The anthropometric parameters of the participants are shown in Table 1. HRV findings are summarized into Time-Domain parameters [Table 2], Frequency-Domain parameters [Table 3] and Non-Linear parameters [Table 4].
Table 1.
Anthropometric comparison between case (depression) and control subjects
| Parameters | Mean±SD | P | |
|---|---|---|---|
|
| |||
| Case | Control | ||
| Age (Years) | 21.79±2.05 | 21.85±2.08 | 0.8772 |
| Weight (Kg) | 62.48±10.91 | 62.79±8.54 | 0.8598 |
| Height (meters) | 160.20±8.18 | 162.08±7.34 | 0.1897 |
| BMI (kg/m2) | 24.82±3.41 | 24.17±2.52 | 0.2226 |
| Gender (M/F) | 20/22 | 43/46 | 0.9407 |
BMI=Body Mass Index, M=Male, F=Female
Table 2.
Time-Domain HRV parameters in case (depression) and control groups
| HRV parameters | Mean±SD | P | |
|---|---|---|---|
|
| |||
| Case | Control | ||
| Average RR (ms) | 711.54±138.09 | 765.74±82.26 | 0.0059 |
| SDRR (ms) | 26.78±16.24 | 50.96±23.75 | <0.0001 |
| RMSSD (ms) | 21.97±15.7 | 44.77±28.25 | <0.0001 |
SDRR=Standard deviation of all the R-R=Intervals, RMSSD=Root mean square of successive R-R=Interval differences
Table 3.
Frequency-Domain HRV parameters in case (depression) and control groups
| HRV parameters | Mean±SD | P | |
|---|---|---|---|
|
| |||
| Case | Control | ||
| LF (ms2) | 272.64±310.98 | 536.13±391.15 | 0.0002 |
| HF (ms2) | 200.42±187.45 | 761.07±875.85 | 0.0001 |
| LF/HF | 1.51±0.89 | 1.22±0.73 | 0.05 |
| Total Power | 865.13±792.58 | 2286.36±1697.68 | <0.0001 |
LF=Low-Frequency, HF=High-Frequency
Table 4.
Non-Linear HRV parameters in case (depression) and control groups
| HRV parameters | Mean±SD | P | |
|---|---|---|---|
|
| |||
| Case | Control | ||
| SD1 (ms) | 15.53±11.13 | 32.67±20.14 | <0.0001 |
| SD2 (ms) | 37.56±16.10 | 65.31±28.08 | <0.0001 |
There is no statistically significant difference found in age (P = 0.8772), weight (P = 0.8598), height (P = 0.1897), BMI (P = 0.2226) and gender (P = 0.9407) between case and control groups.

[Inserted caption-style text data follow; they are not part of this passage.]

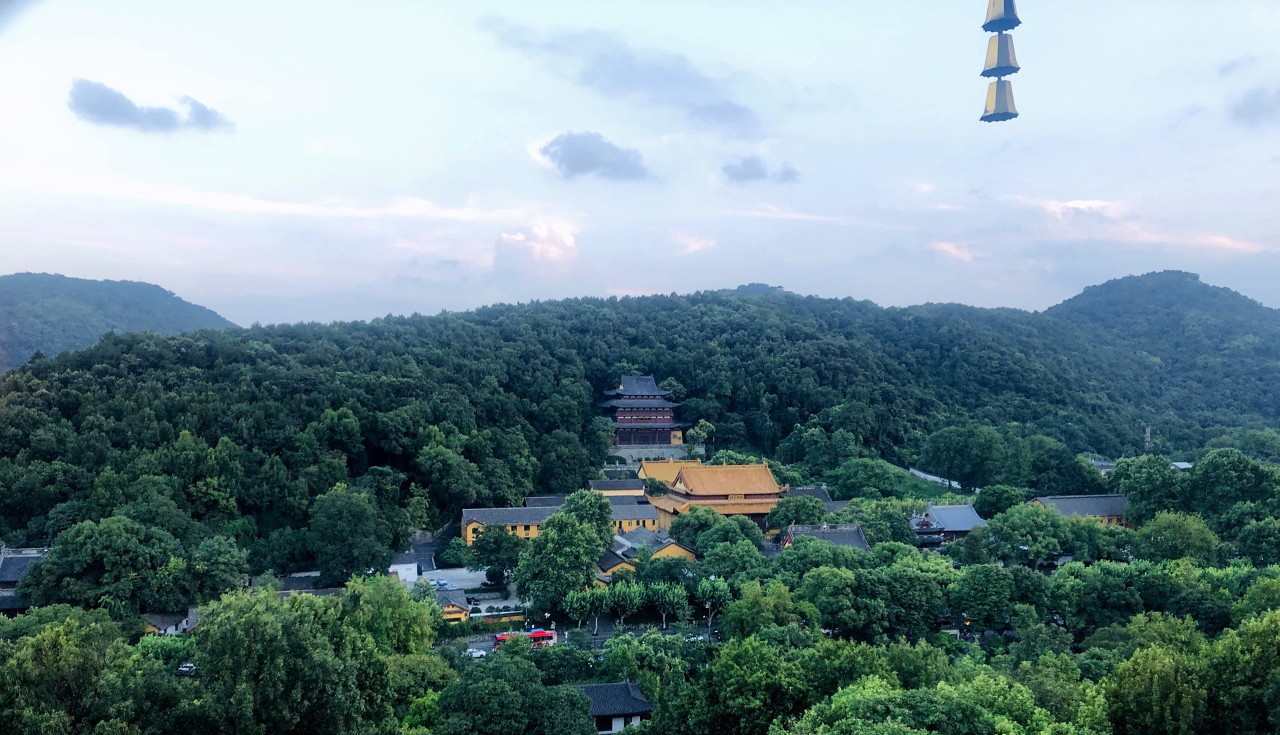 Scenery around Leifeng Pagoda, Leifeng Pagoda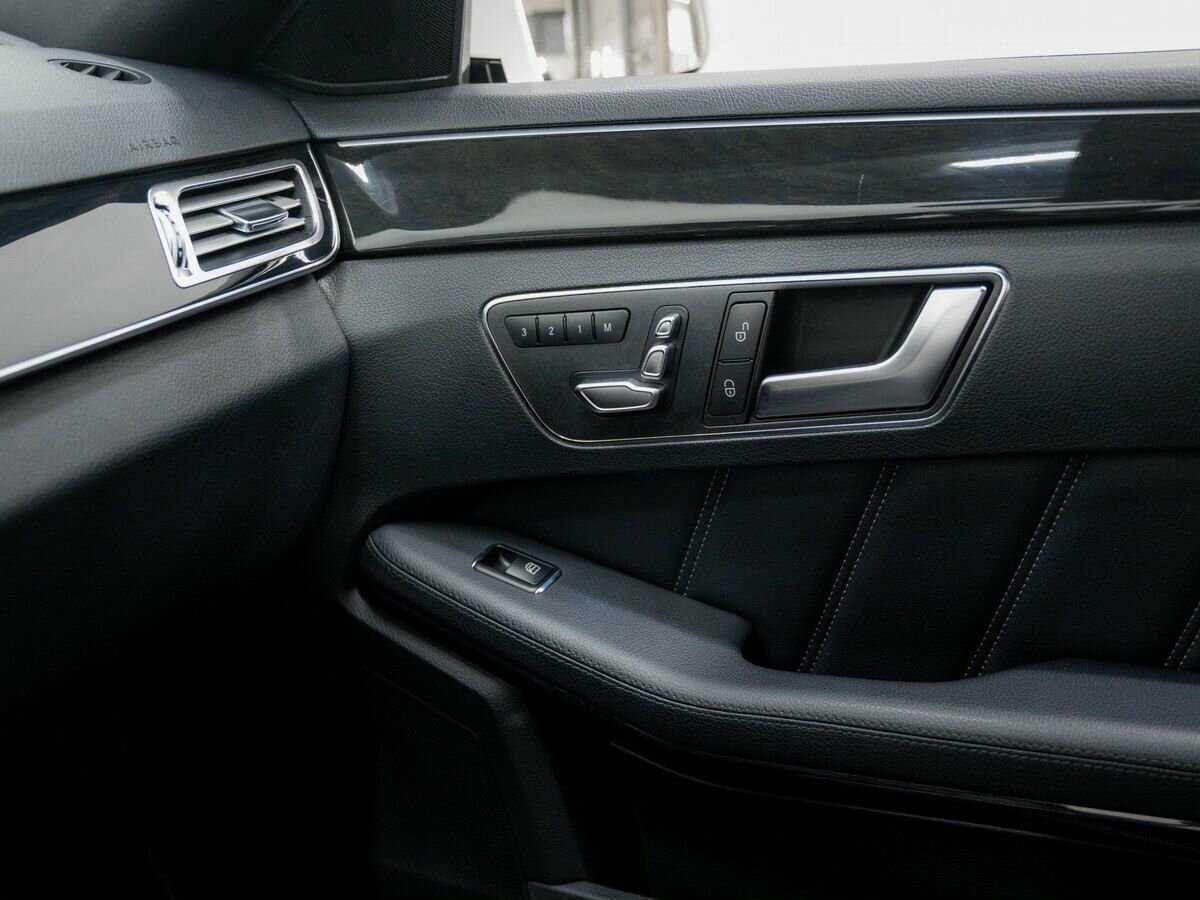 Mercedes-Benz E-Класс с пробегом — 2013 год. Фото: #21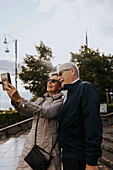 Älteres Paar macht Selfie mit Telefon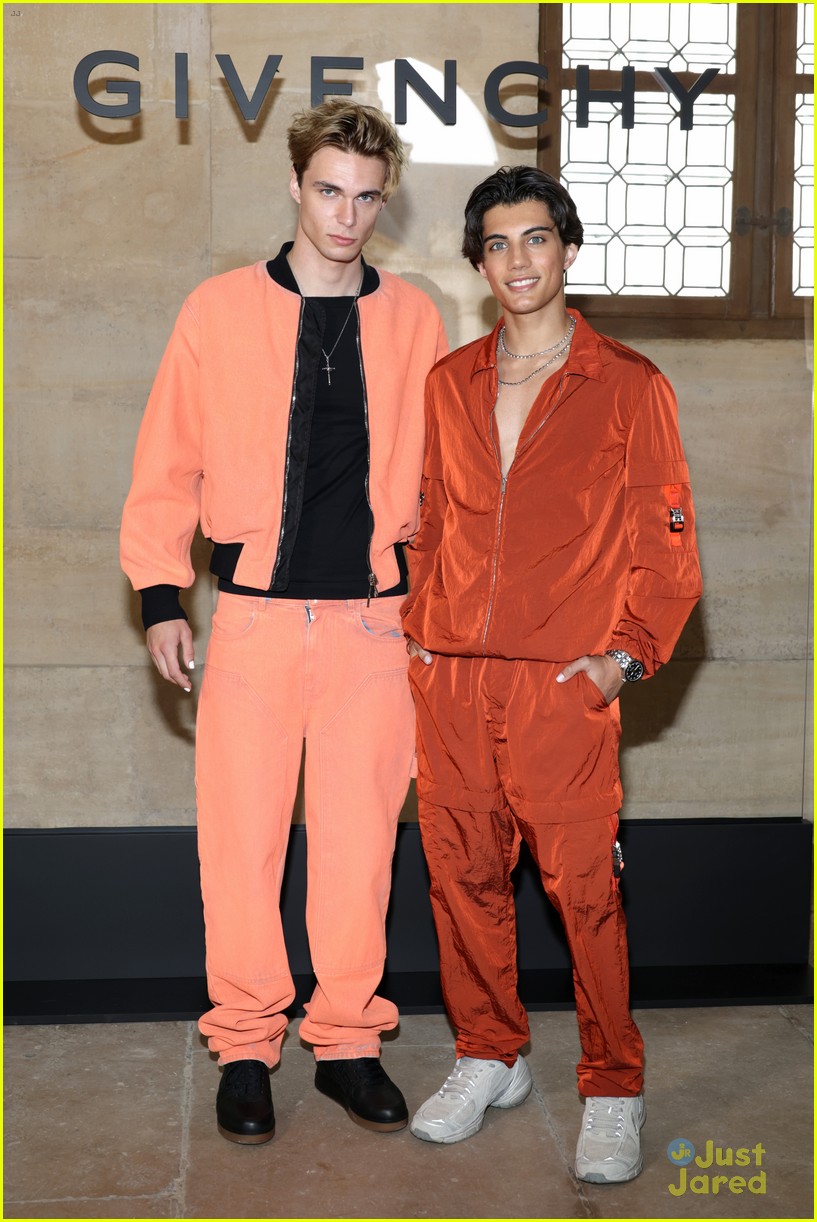 Taylor Zakhar Perez, Xolo Maridueña & More Check Out Givenchy Fashion Show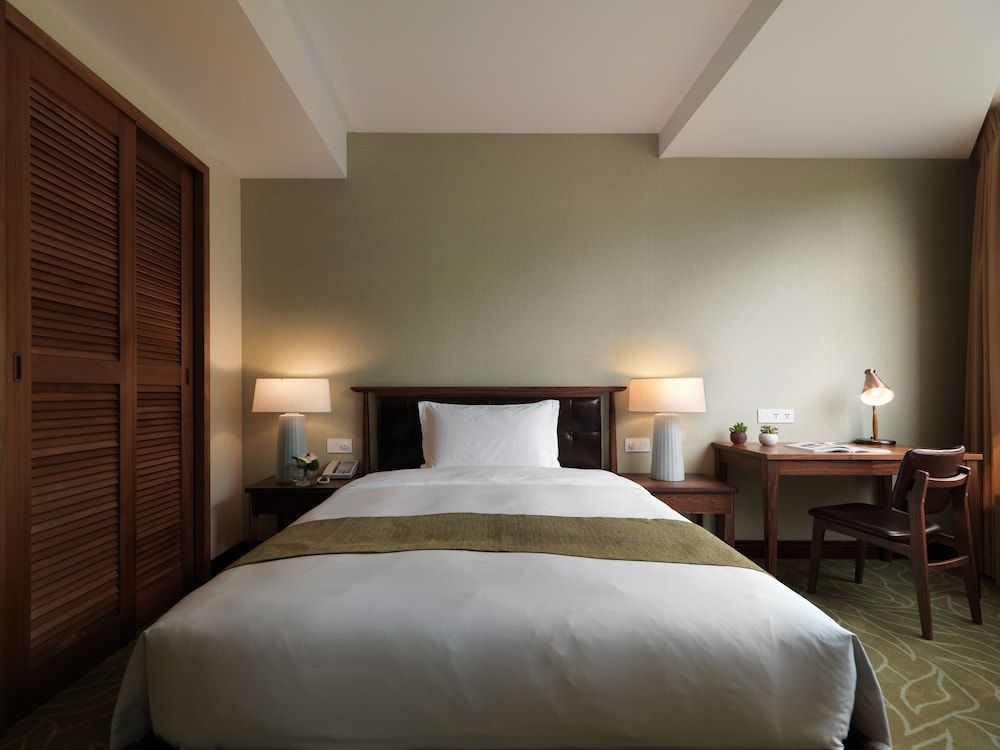 undefined Yusense Hotel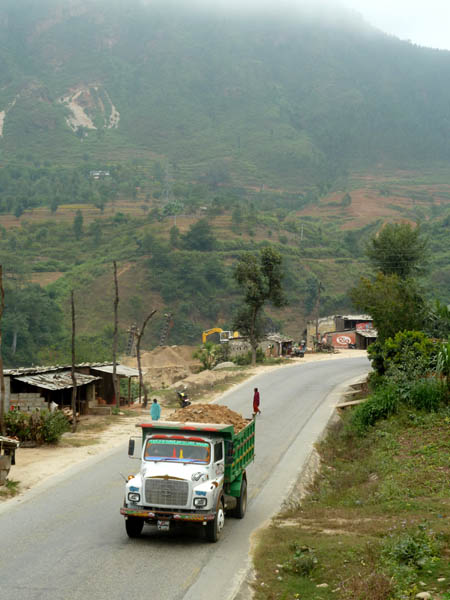 02 A stop for tea on the Pokhara Road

Among Time-Domain HRV parameters, all three parameters taken into consideration; average RR (P = 0.0059), SDRR (P < 0.0001) and RMSSD (P < 0.0001) are found statistically significantly decreased in the case group when compared to the control group.
When comparing depressed patients to healthy control participants, four Frequency-Domain HRV measures – LF (P = 0.0002), HF (P = 0.0001), LF/HF ratio (P = 0.05) and Total Power (P < 0.0001) – show that all four values are considerably lower in depressed patients.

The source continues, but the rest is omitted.